All eval cases support these fields:

| Field | Type | Description | | ------------- | -------- | -------------------------------------------------- | | id | string | Unique identifier | | name | string | Display name | | description | string | Description of what's being tested | | category | string | One of: basic, tool, code-gen, routing, multi-turn | | tags | string[] | Optional tags for filtering | | enabled | boolean | Enable/disable (default: true) | | timeout | number | Override default timeout (ms) | | trials | object | { count: number, passThreshold: number } |

Built-in Judges

file-existence

Validates that expected files were created.

Checks all targetFiles exist in workspace
Passes if ≥80% of files exist
Returns detailed list of missing files

tool-invocation

Validates tool call counts.

Checks expectedToolCalls against actual calls
Supports minCalls and maxCalls constraints
Defaults minCalls to 1 if not specified

pattern-match

Validates file content matches expected patterns.

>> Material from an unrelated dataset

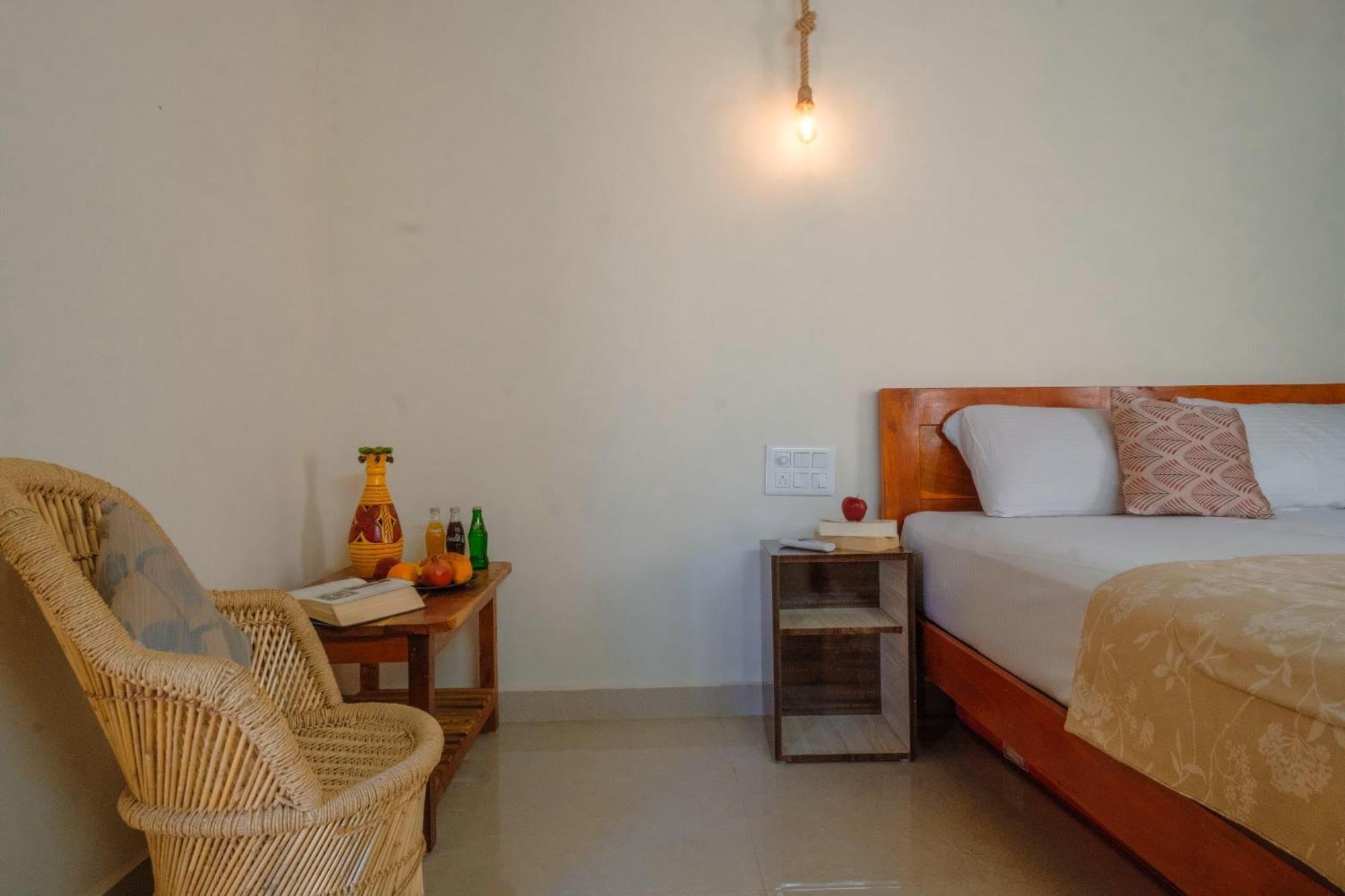 The Hideout Cottage And Restaurant Hampi Exterior foto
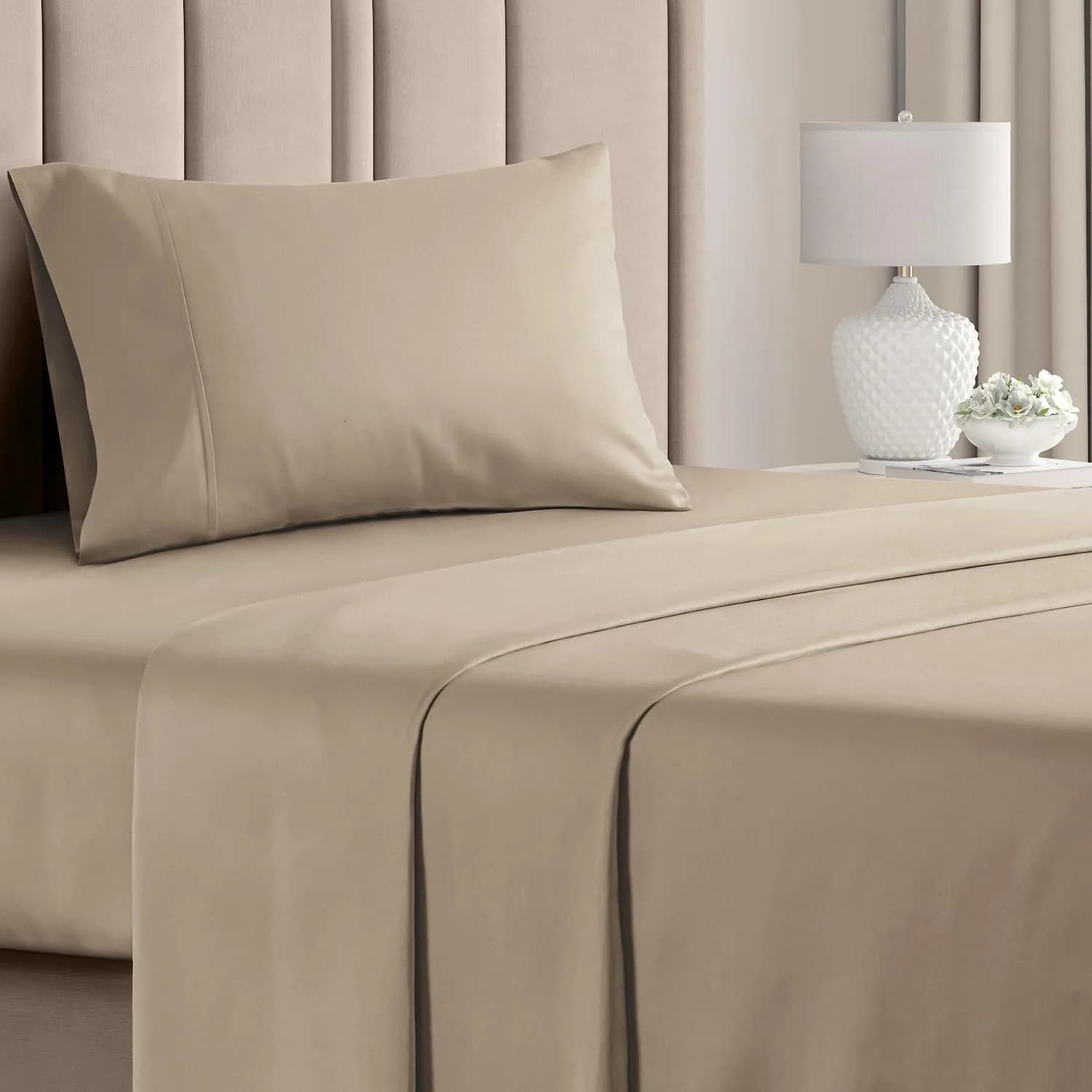 CGK Unlimited Cal King 4 Piece 100% Cotton Sheet Set 269cm (106in) x 274cm (108in) | OEKO-TEX Certified Sateen Weave — 04 - Cream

Uses regex patterns from expectedPatterns
Supports multiline matching
Passes if ≥80% of patterns found

syntax-validation

Validates generated code has valid syntax.

Supports TypeScript, JavaScript, JSX, TSX
Uses Babel parser for accurate syntax checking
Reports specific syntax errors

skill-invocation

Validates that specific skills were invoked.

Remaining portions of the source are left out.